O órgão foi criado para coordenar compras conjuntas e, assim, economizar dinheiro dos países membros, e opera “sem perdas e lucros”, segundo a Otan.

No ano passado, por exemplo, a agência assinou um contrato de quase 700 milhões de dólares (aproximadamente R$ 3,9 bilhões) para a compra de mísseis antiaéreos Stinger (armas portáteis usadas para abater aeronaves a baixas altitudes) em nome de vários membros. O então secretário-geral da Otan, Jens Stoltenberg, anunciou o acordo em maio de 2024, sem nomear os países envolvidos, em comentários divulgados pela agência de notícias Reuters.

Para a especialista em defesa Francesca Grandi, da organização Transparência Internacional, a investigação em andamento da Otan, seja qual for o seu resultado, é um “lembrete precioso” da importância de uma supervisão completa de como o dinheiro público é gasto em defesa. “Esse caso é realmente oportuno, de certa forma, porque nos lembra da importância da transparência.”

Péssimo timming para a Otan

Para a Otan, a investigação vem num momento delicado. De olho no reforço militar massivo da Rússia na esteira da guerra na Ucrânia, os países da aliança estão expandindo gastos com defesa, movimento que provavelmente durará anos.

Sob pressão do presidente dos EUA, Donald Trump, espera-se que os 32 países que integram a aliança militar se comprometam a gastar, em média, pelo menos 3,5% de seu PIB em defesa – a média atual de gasto militar está em 2,7% do PIB. Em 2024, a aliança gastou coletivamente 1,3 trilhão de dólares (aproximadamente R$ 7,3 bilhões) em defesa, de acordo com dados da Otan publicados em abril.

Enquanto isso, a União Europeia, cujos membros compõem dois terços da Otan, se prepara para uma grande onda de gastos.

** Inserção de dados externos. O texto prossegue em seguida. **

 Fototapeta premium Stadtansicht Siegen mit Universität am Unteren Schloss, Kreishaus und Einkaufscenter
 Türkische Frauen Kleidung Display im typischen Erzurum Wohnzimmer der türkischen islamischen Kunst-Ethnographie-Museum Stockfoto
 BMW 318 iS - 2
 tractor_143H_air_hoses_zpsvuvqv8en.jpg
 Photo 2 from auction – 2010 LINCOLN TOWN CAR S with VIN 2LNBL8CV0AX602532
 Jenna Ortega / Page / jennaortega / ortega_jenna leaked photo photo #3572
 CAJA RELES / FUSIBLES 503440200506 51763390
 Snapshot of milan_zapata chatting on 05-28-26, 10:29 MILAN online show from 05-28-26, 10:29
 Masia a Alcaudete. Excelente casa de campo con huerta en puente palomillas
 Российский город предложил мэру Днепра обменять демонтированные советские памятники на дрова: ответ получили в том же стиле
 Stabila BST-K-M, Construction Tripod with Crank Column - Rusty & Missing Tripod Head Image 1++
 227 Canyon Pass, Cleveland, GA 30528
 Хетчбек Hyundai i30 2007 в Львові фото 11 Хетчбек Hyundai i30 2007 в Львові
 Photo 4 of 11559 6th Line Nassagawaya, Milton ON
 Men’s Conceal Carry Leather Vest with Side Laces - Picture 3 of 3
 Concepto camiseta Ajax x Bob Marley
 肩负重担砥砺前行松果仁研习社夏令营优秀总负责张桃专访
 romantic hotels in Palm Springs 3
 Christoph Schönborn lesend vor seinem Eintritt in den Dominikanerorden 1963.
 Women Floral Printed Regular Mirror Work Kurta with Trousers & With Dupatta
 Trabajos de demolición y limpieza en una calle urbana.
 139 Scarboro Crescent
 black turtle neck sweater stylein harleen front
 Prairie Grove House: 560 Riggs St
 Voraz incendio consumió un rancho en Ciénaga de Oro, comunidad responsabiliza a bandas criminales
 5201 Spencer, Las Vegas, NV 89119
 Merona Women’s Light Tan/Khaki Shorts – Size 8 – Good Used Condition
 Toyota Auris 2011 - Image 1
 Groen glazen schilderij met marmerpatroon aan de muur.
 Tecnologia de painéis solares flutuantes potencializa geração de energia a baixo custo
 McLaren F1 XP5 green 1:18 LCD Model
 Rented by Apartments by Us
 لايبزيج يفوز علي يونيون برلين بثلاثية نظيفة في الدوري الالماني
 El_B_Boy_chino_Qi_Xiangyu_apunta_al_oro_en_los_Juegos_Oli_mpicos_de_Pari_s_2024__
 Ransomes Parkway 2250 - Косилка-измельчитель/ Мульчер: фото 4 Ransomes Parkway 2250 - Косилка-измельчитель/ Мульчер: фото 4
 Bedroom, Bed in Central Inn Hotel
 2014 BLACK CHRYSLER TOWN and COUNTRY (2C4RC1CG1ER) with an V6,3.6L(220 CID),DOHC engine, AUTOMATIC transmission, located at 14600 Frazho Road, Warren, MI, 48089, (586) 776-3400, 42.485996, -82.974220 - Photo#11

A Comissão Europeia anunciou que pretende usar a excelente classificação de crédito da UE para tomar emprestado 150 bilhões de euros (R$ 951 bilhões) que poderão ajudar os 27 membros da UE a investir cerca de 800 bilhões de euros (R$5,1 trilhões) até 2030 em seu plano de rearmamento.

Mais dinheiro, pouca transparência

Com a ampliação dos gastos no setor de defesa prevista para os próximos cinco anos, as instituições públicas envolvidas provavelmente ficarão sob enorme pressão para gerenciar os riscos de corrupção.

Em todo o mundo, o setor de defesa é particularmente propenso a desvios devido aos altos níveis de sigilo que envolvem os contratos governamentais, às grandes quantias de dinheiro em jogo e à natureza sensível das negociações, explicou Grandi.

A Europa não é exceção. Em nível nacional e na UE, muitos dos mecanismos de transparência sobre processos de compras públicas não se aplicam à defesa e à segurança.

Por exemplo, o Parlamento Europeu não tem supervisão orçamentária sobre o dinheiro enviado para a defesa da Ucrânia por meio do Mecanismo de Paz Europeu, instrumento financeiro criado em 2021 para reforçar a capacidade da UE de investir em segurança. Mais de 10 bilhões de euros (R$ 63,5 bilhões) já foram destinados a Kiev por meio desse dispositivo, que está fora do orçamento da UE.

A Transparência Internacional está preocupada com a falta de atenção dos formuladores de políticas à crescente onda de gastos militares, disse Grandi. Ao mesmo tempo, o lobby do setor de defesa está crescendo.

“O risco da falta de supervisão é acabarmos com uma arquitetura de defesa que não garanta a segurança de seus cidadãos como deveria, que seja marcada por ineficiências, que desperdice dinheiro, mas que também crie espaço para abuso de poder, para influência indevida”, alertou.